The defense also hailed the ruling.
“We’re very pleased with the decision today in Jesse’s case,” Kannon Shanmugam, Litvak’s attorney, said in an e-mailed statement.
The reversal threatens at least one criminal case -- that of Matthew Katke, a former Royal Bank of Scotland Group Plc trader of collateralized loan obligations who pleaded guilty in March to fraud and agreed to cooperate with prosecutors. Katke’s agreement allows him to withdraw his plea if a “final decision” is reached that Litvak didn’t violate the laws he was charged under. The decision to retry Litvak keeps Katke in limbo for now.
Katke’s plea followed suspensions at Wall Street banks as regulators increasingly scrutinize asset-backed debt trades. Royal Bank of Scotland, JPMorgan Chase & Co., Morgan Stanley and Barclays Plc have put traders on leave amid the inquiries.
Spokesmen for Barclays, RBS, Morgan Stanley and JPMorgan declined to comment on the appellate decision.
In September, three former Nomura Holdings Inc. traders were charged with defrauding investors by inflating the prices of mortgage-backed securities. They deny wrongdoing.
Tuesday’s ruling “is terrific in the sense that it sends a message that the courts will push back when the government tries to criminalize legitimate business activity,” Marc Mukasey, an attorney one of the Nomura ex-traders, said in an e-mail.
Tom Carson, a spokesman for Daly, didn’t comment on how Tuesday’s decision might affect the Katke and Nomura cases.
The Litvak reversal comes just months after the Justice Department delivered a strong directive to federal prosecutors to hold individuals accountable for corporate crimes. The policy, known as the Yates Memo, was seen as a response to criticism from lawmakers and public-interest groups that the government has largely failed prosecute people even as it reaches multibillion-dollar settlements with Wall Street firms.
Litvak was convicted by a federal jury in New Haven, Connecticut, after a monthlong trial before U.S. District Judge Janet C. Hall and sentenced to two years in prison. He was accused of defrauding investors of $2 million by misrepresenting how much sellers were asking for the securities or what customers would pay and keeping the difference for Jefferies.
He was the first person convicted of fraud tied to TARP, the bailout that followed the financial crisis, and is the only person to be found guilty of fraud tied to the Public-Private Investment Program, which used TARP funds to encourage investments in mortgage securities following the 2008 financial crisis.

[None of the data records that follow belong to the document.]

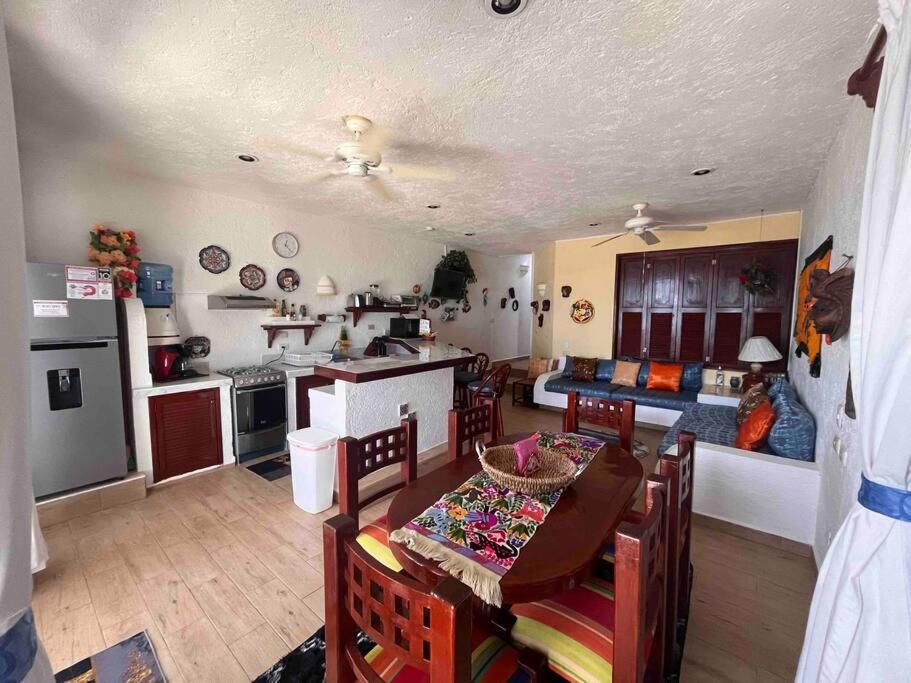 Beachfront Half Moon Bay Apartment Akumal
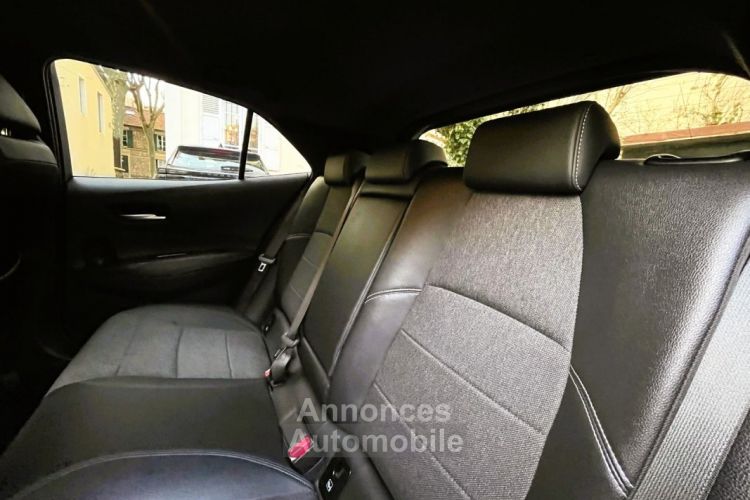 Toyota Corolla XII HYBRIDE 122H 5CV DESIGN *Caméra, CarPlay* - <small></small> 20.490 € <small>TTC</small> - #20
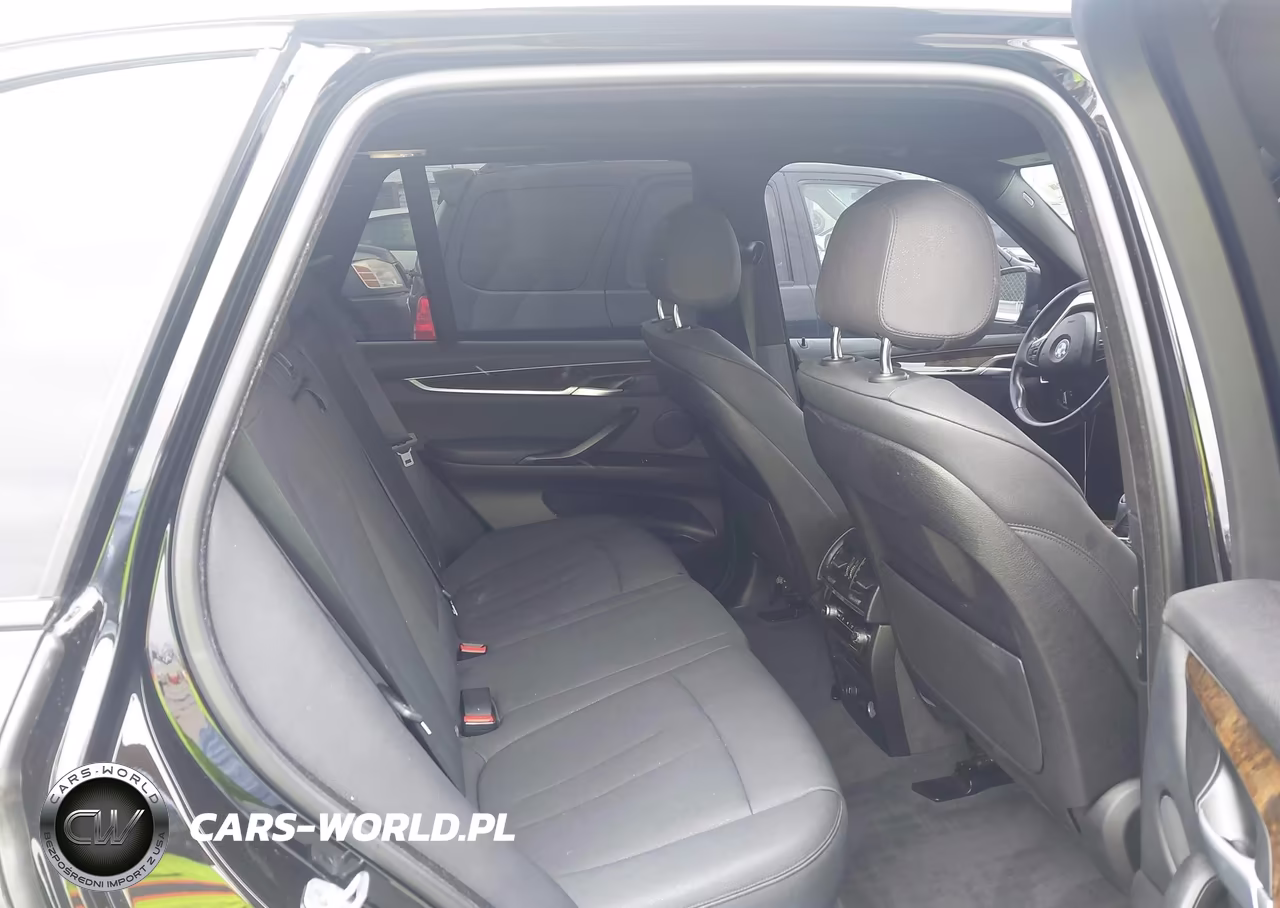 2018 BMW X5 xDrive35I VIN:5UXKR0C56JL074656 - 8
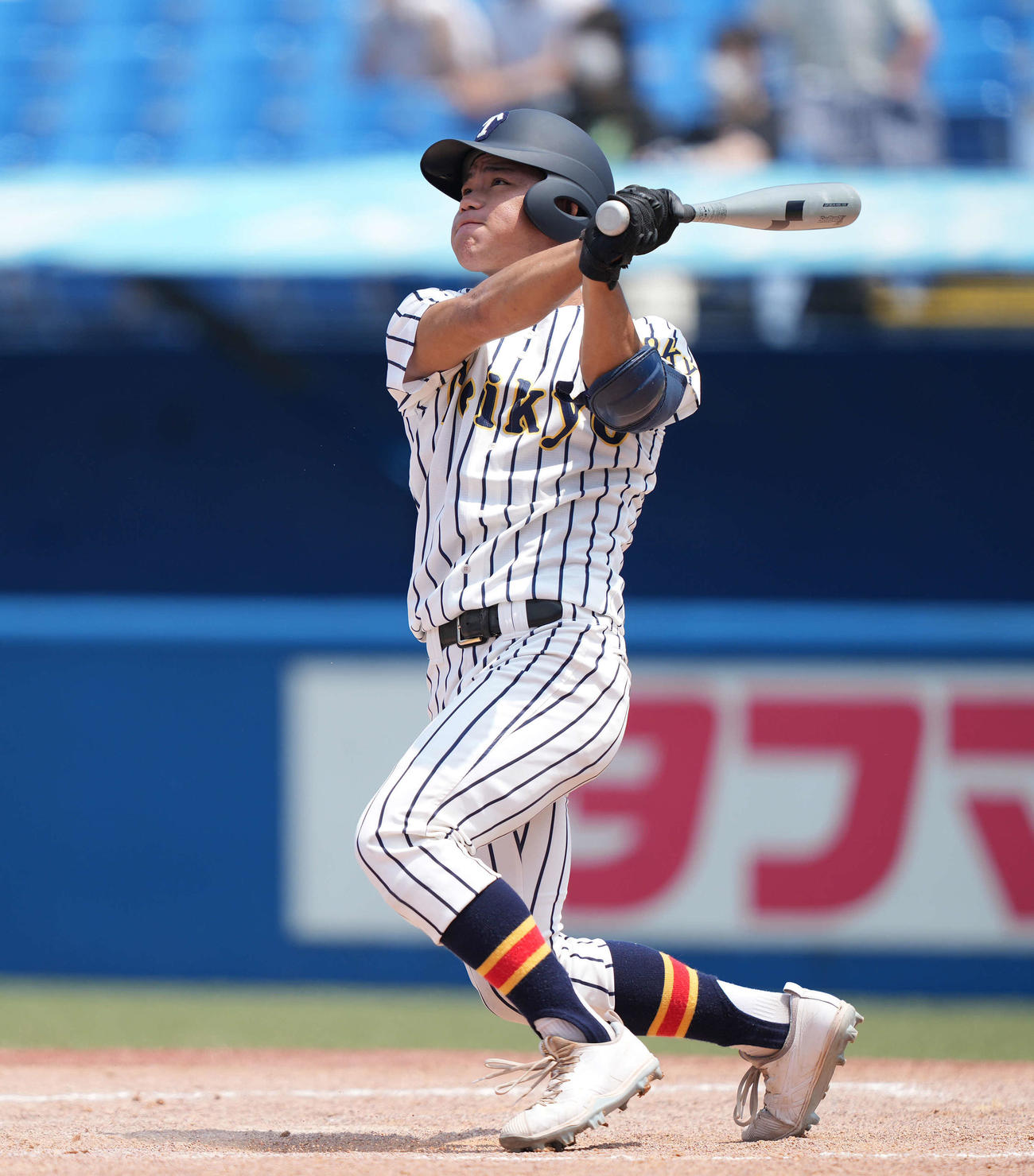 淑徳巣鴨対帝京　5回裏帝京1死三塁、左越え2点本塁打を放つ武藤（撮影・鈴木みどり）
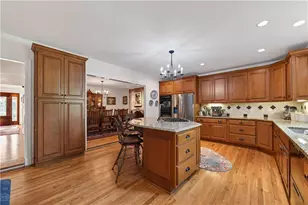 12190 Charlotte Dr, Alpharetta, GA 30004 - Photo 32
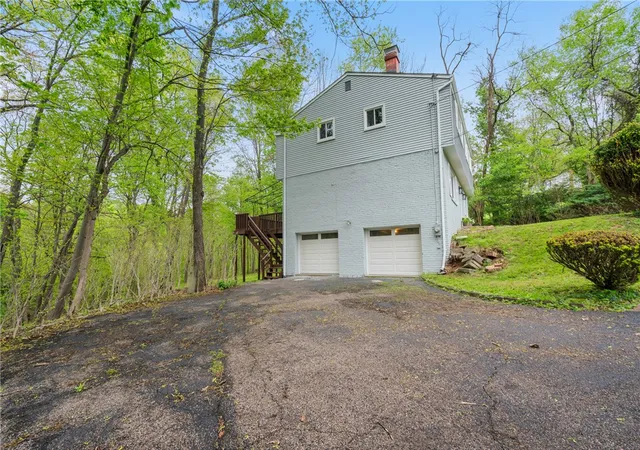 2nd image of 111 Greyfriar Dr, Pittsburgh, PA 15215 | MLS# 1750844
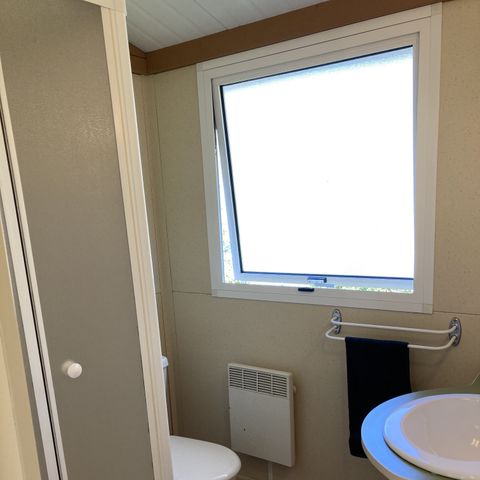 Chalet 4 Personen - Standard 20m² - 2 Zimmer + überdachte Terrasse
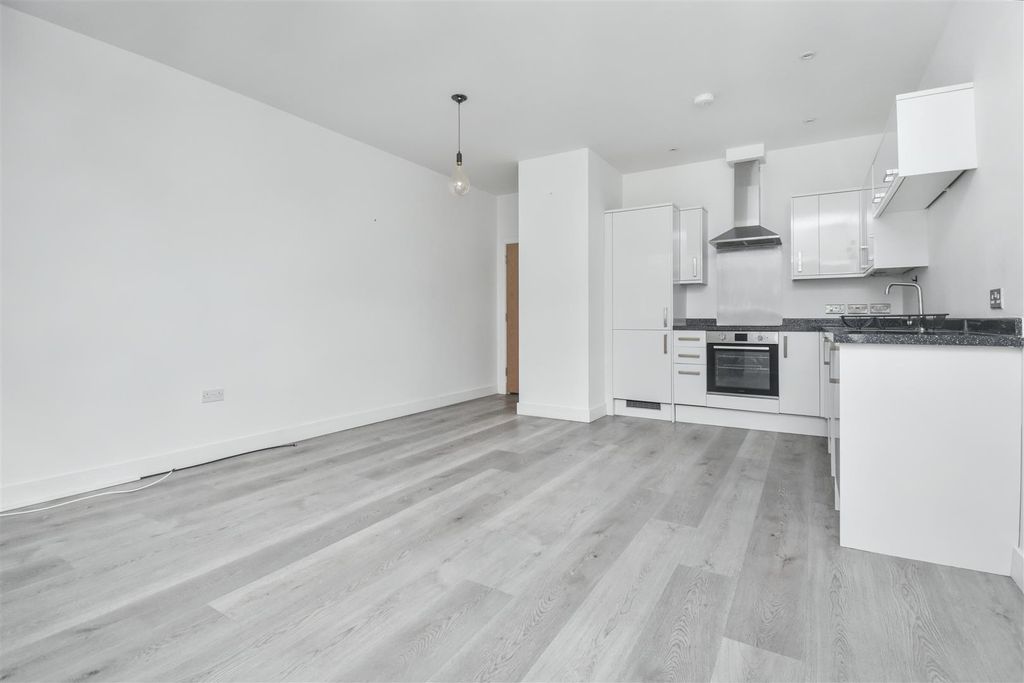 Property photo 3 of 13 1.Jpg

The appellate judges said Litvak’s actions couldn’t have significantly influenced the U.S. Treasury Department, which ran TARP, but could have swayed his customers.
Litvak didn’t dispute that he made misstatements, arguing at trial that they weren’t material and he didn’t think the other parties in the transactions would be harmed because he was selling the bonds at “fully disclosed and agreed upon fair prices” that stayed below Jefferies’ threshold for 4 percent profit.
He argued on appeal that his conviction could be used to prosecute any business involved in simple negotiations. Former SEC Deputy Director George Canellos said after Litvak’s January 2013 arrest that his tactics were “unfit for a used-car lot.”
The case is U.S. v. Litvak, 13-cr-00019, U.S. District Court, District of Connecticut (New Haven). The appeal is U.S. v. Litvak, 14-2902, U.S. Court of Appeals for the Second Circuit (Manhattan).